In the largest toll, warplanes from the pro-government Saudi-led coalition killed 34 people, including 19 civilians when they targeted Shiite rebels in the southwestern region of Taez, a Yemeni military official said.
The pre-dawn air strike hit a lorry transporting weapons for the Huthi rebels as it crossed a busy road, a provincial official said, adding that four women were among the dead, as well as 15 rebels.
In the flashpoint city of Taez, 11 civilians and a soldier were killed when rebels bombed a residential area, a military official said.
Meanwhile, 12 rebels and three loyalist soldiers were killed in clashes in Nahm, northeast of Sanaa, while six other rebels were killed in fighting in Marib, east of the capital, the official said.
In the same province, a coalition warplane hit a vehicle carrying pro-government forces "by mistake", killing four soldiers and wounding four others, another military official said.

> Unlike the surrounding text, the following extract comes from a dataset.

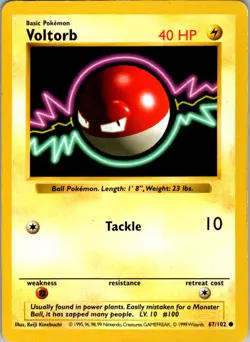 Voltorb 67/102 Common Base Set Shadowless Pokemon Unlimited Moderately Played - Image 1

In the south, at least seven civilians including two children were killed in air strikes "probably by drones" on jihadists which mistakenly hit a nearby house in Mahfed, between the provinces of Abyan and Shabwa in Yemen's south, a local official told AFP.
The Huthis overran the capital in late 2014 before moving into other parts of Yemen, prompting a Saudi-led coalition to intervene in March last year.
The United Nations says more than 6,400 people have been killed in Yemen since then, mostly civilians. The fighting has also driven 2.8 million people from their homes and left more than 80 percent of the population in need of humanitarian aid.